L’élevage n’est pas la seule activité agricole concernée par l'essor des nouvelles technologies : la robotique s’invite aussi dans l’agriculture maraîchère. À Lagny-le-Sec dans l’Oise, une ferme robotisée et connectée de 5 000 m² a ouvert ses portes en avril 2024. L’une des rares sur le territoire national et la toute première dans les Hauts-de-France. 

Sous la serre, des légumes biologiques et de saison sont cultivés. Au sol, rien de particulier, au plafond en revanche, un portique de 9 mètres de long sur lequel se déplace une structure modulable. "Le robot porte-outils va aller chercher différents outils à sa disposition pour aplanir, remuer, désherber, semer et repiquer", explique Antoine Mahé, ingénieur en robotique. Si l’automate peut réaliser certaines tâches seules, uniquement guidé à distance par les maraîchers, il est plus souvent utilisé pour aider les professionnels dans les tâches pénibles. 

Pour Robin Lalieux, maraîcher depuis 2 ans et chef d’exploitation de la ferme robotisée, le robot leur facilite la tâche. "Planter un rang de salade à la main m’aurait pris une heure et demie, voire deux heures, à quatre pattes, alors que là, je le fais en cinq minutes et je reste debout tout du long, explique-t-il avant de conclure, en fait, toutes les tâches les plus pénibles vont être réalisées par le robot qui nous accompagne, sans nous remplacer pour autant."

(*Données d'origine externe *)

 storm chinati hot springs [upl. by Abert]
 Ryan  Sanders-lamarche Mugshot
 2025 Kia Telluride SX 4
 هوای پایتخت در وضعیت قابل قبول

L’automatisation permet ainsi de diminuer la pénibilité du travail et de pallier le manque de main-d’œuvre dans le secteur. Contre plusieurs dizaines de maraîchers nécessaires sur un site traditionnel, la ferme robotisée en compte trois. 

Favoriser le circuit court 

Pour le maire de Lagny-le-Sec, Didier Doucet, à l’origine de l’installation de la ferme sur la commune, l’objectif est de fournir à la population des légumes produits à côté de chez eux : "l’idée première était que l’on puisse fournir des légumes à la cantine scolaire, explique-t-il, on a aussi un projet de résidence sénior qui serait intéressée. L’idée était vraiment de donner accès à des produits locaux, de belle qualité, en bio et à des tarifs corrects."

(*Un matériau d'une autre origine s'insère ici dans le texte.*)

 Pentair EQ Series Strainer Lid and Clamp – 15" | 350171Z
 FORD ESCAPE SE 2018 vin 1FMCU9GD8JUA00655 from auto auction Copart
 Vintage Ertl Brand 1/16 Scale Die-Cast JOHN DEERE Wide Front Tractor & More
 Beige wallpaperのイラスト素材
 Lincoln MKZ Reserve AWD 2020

Au même prix que dans les magasins bio, les légumes de la ferme sont vendus via un distributeur automatique situé à l’entrée du site. "Dès son lancement, ils ont rencontré un vrai succès, s’enthousiasme le maire de la commune, les casiers étaient vides en moins de trois jours." D’ici 2025, l’objectif est de produire 15 tonnes de légumes bio par an. 

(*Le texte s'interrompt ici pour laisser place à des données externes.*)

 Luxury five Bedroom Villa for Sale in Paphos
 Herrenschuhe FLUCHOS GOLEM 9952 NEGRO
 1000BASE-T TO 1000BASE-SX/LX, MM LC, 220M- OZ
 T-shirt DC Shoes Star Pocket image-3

"L'objectif, c'est d'industrialiser la permaculture

Si la commune est propriétaire du site, c’est la société Néofarm, concepteurs de fermes maraîchères innovantes, qui l’exploite. Fondée en 2018, la start-up met en avant un modèle d’agriculture ancré localement, fonctionnant avec un minimum d’intrants et d’énergie fossile, mais transposable à grande échelle. "L’objectif, c'est d’industrialiser la permaculture, détaille Thibault Millet-Taunay, directeur général de Néofarm, aujourd’hui leur production n’est pas suffisante pour nourrir la population dans son ensemble, mais demain notre technologie va nous permettre de produire plusieurs milliers de tonnes de légumes bio et locaux."

Contrairement aux idées reçues, robot et permaculture ne s’opposent pas "parce qu’il est suspendu et très peu gourmand en énergie, notre robot permet de cultiver sur une grande surface tout en maintenant l’équilibre de biodiversité et en restant résilient pour l’environnement." Avec Lagny-le-Sec, la start-up compte désormais quatre fermes maraîchères robotisées en France.

Élevage, maraîchage et même viticulture, les robots sont de plus en plus présents dans le monde agricole. Une solution encouragée par l’État qui a lancé, il y a un an, le "Grand Défi Robotique Agricole" pour accélérer la transition agroécologique et financé à hauteur de 21 millions d’euros.